Sunday, April 3, 2016

Send Them Outside to Play

If you have no relationship with nature,
you have no relationship with humanity.

-- Krishnamurti

The landscape of one’s home is always sacramental.
 It molds our character. It’s the soil out of which we grow.
 It’s where we either encounter the divine
or we never make the connection.

-- Seamus Heaney

If we have a relationship with nature, we do better in relationships with people because we realize that there are bigger truths than our own personal ones, and we can learn from nature. Nature has a way of humbling us, and reminding us that we’re not in control outdoors. In nature we become aware of a greater force at work in the world.

The health of our community depends on the health of our environment.

If we have a relationship with nature, we will care what happens to the environment.

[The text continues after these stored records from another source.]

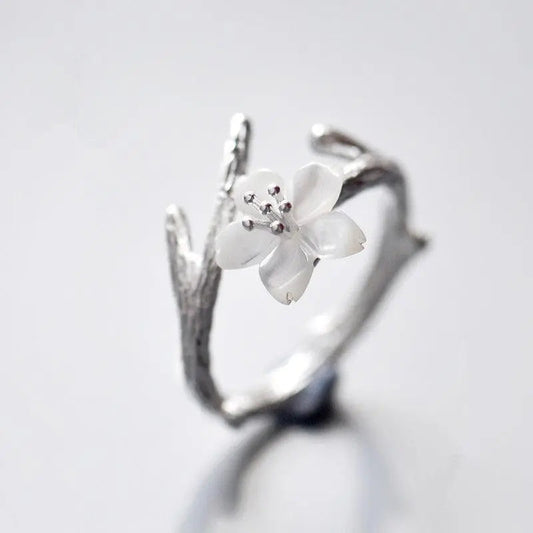 Hvide naturlige jade ringe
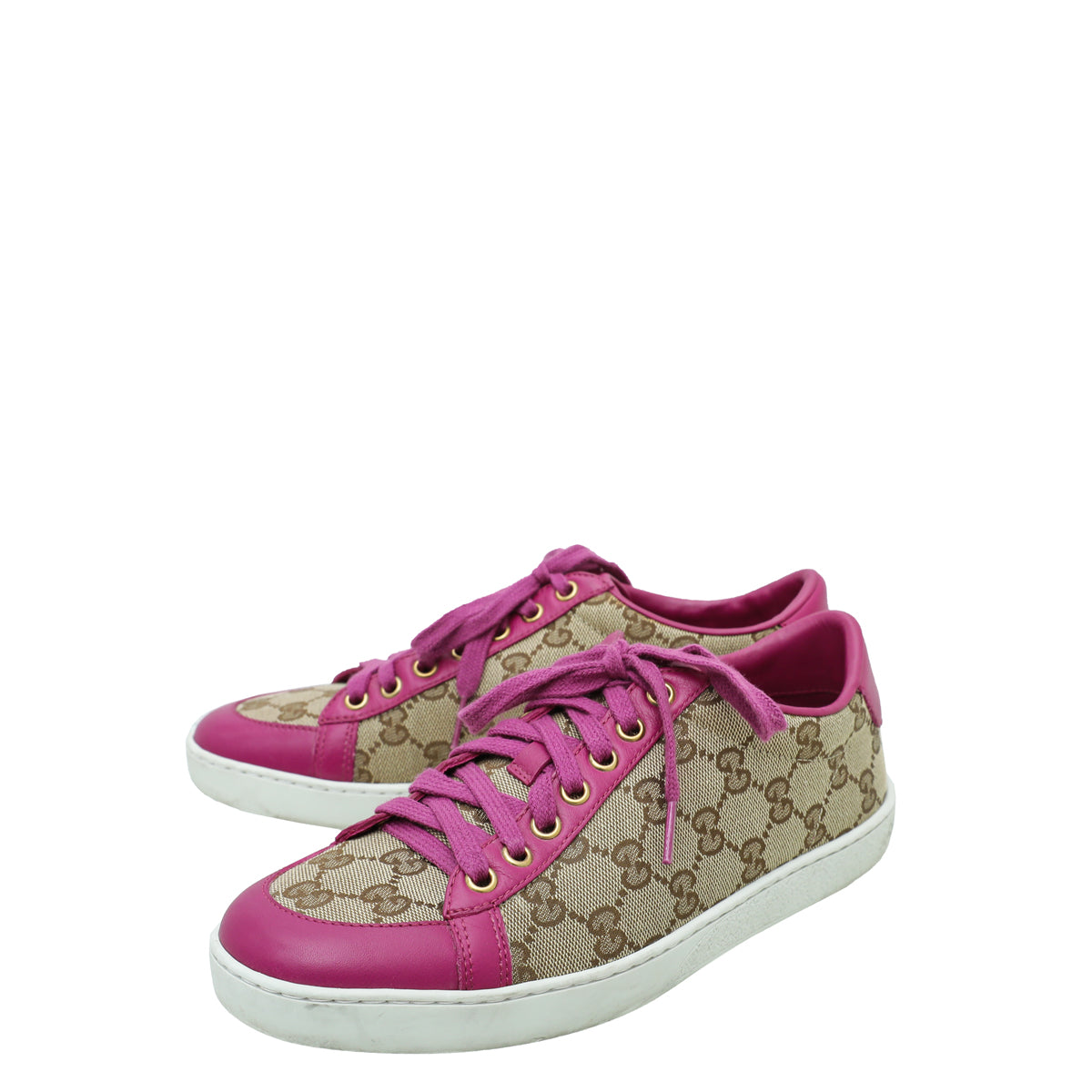 Gucci GG Supreme Brooklyn Sneakers 37-Gucci-THE CLOSET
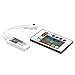 SUPERNIGHT WiFi Wireless LED Smart Controller Compatible with Alexa Google Home IFTTT,Working with Android iOS System Mobile Phone + 24 Keys Remote Controller for RGB LED Light Strips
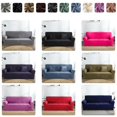 thumbnail image 2 of Funda de sofá de felpa en forma de L, cubierta elástica para muebles de sala de estar, Chaise Longue, esquinero, 2 of 4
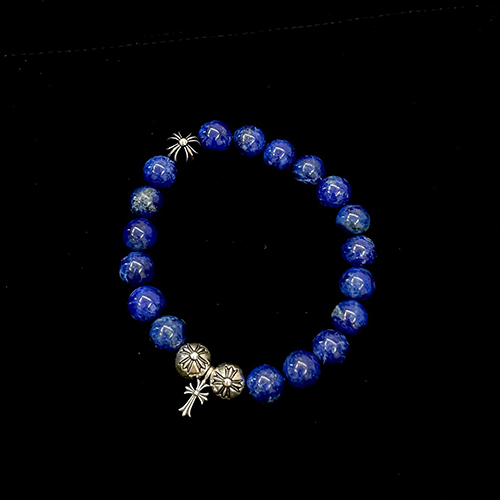 [스페셜오더]CHROMEHEARTS-06046 크롬하츠 청금석 라피스 라줄리 팔찌 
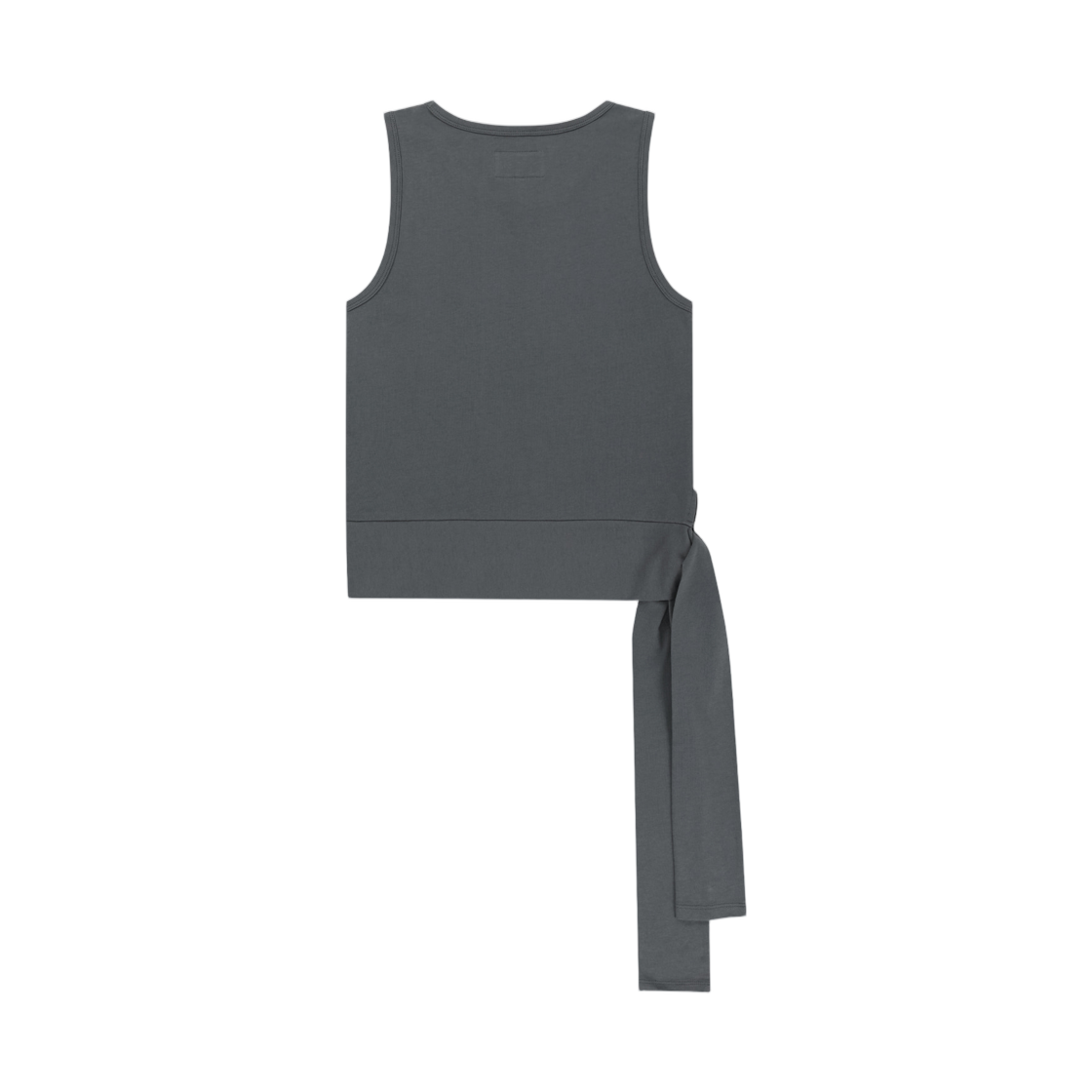 (W) 마뗑킴 헴 타이 디테일 슬리브리스 탑 차콜((W) Matin Kim Hem Tie Detail Sleeveless Top In Charcoal) - 2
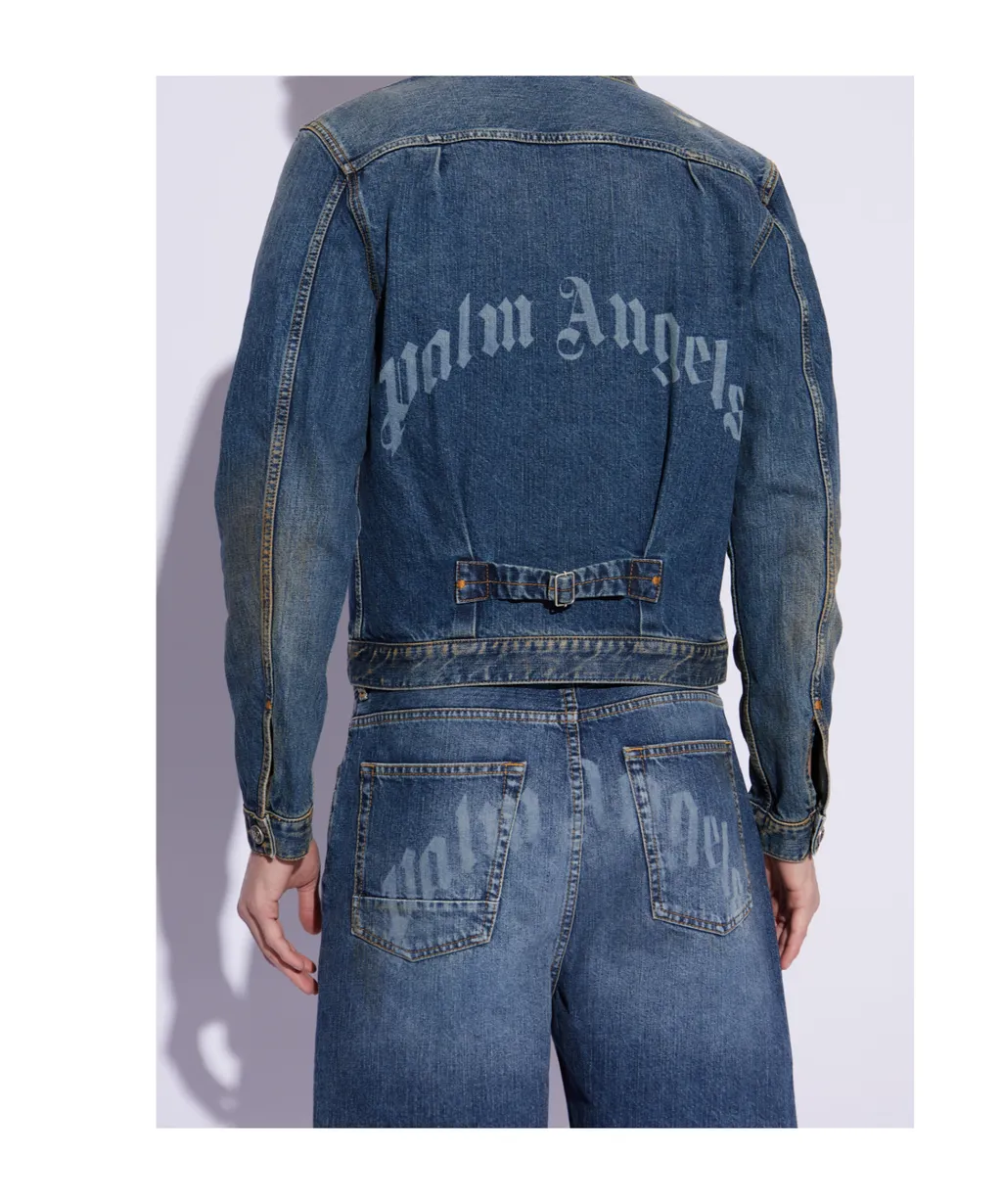 Vintage Effect Denim Jacket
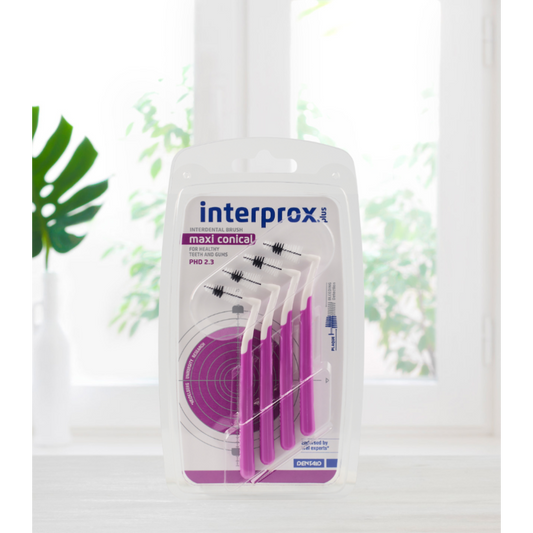 Interprox® Ragers Plus Maxi Conical paars PHD 2,3 - Blister (4 st.)-Dentaid-Sordent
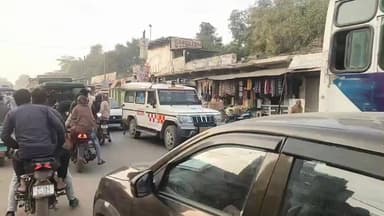 जौरा: एमएस रोड पर तिकोनिया पार्क से रामेश्वरी की माता तक लगा घंटों जाम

We will notice when our favorite river becomes polluted, or when our favorite woods are being cut down for a subdivision. We will notice because we will be outside and we will see the destruction. And we can stop some of the destruction if we say something.

If we don’t connect to nature, we will regard the forest only as a source of wood for building homes. We will think of the river only as a place for factories to dump their waste water. We won’t care about pesticides running off the land and into our lakes, killing the fish and making the water undrinkable. Unless we have a beloved fishing hole, or a favorite river that we like to canoe, we won’t care because we won’t have any personal investment.

Large businesses care little about the environment. They increasingly exist only to make as much money as fast as they can for their shareholders. Large businesses have large PR teams that create rosy pictures to make us think they care. They don’t. They really don’t.

If we don’t connect to nature, if we don’t come to love the woods and rivers and mountains, if we don’t feel we are part of nature’s community of living creatures, then we will exploit the land, and we will exploit each other. Everything becomes a commodity if we love nothing but money. If we don’t care about the welfare of others, then we exist only for ourselves, and that is sad.

We will drink artificial water, and eat tasteless, plastic food. We will be depressed by the lack of natural beauty outside our windows because it’s all been bulldozed flat. And when we die, we will be alone, closed up in a hermetically-sealed room because the air smells bad.


Send your children outdoors to play so that they will grow up loving the land and care what happens to it. Go outside yourself before you become crusty, bitter, and bent over like an old curmudgeon money pocket. Breathe in the fresh air of the mountains and feel yourself come alive. Then you will understand what is at stake.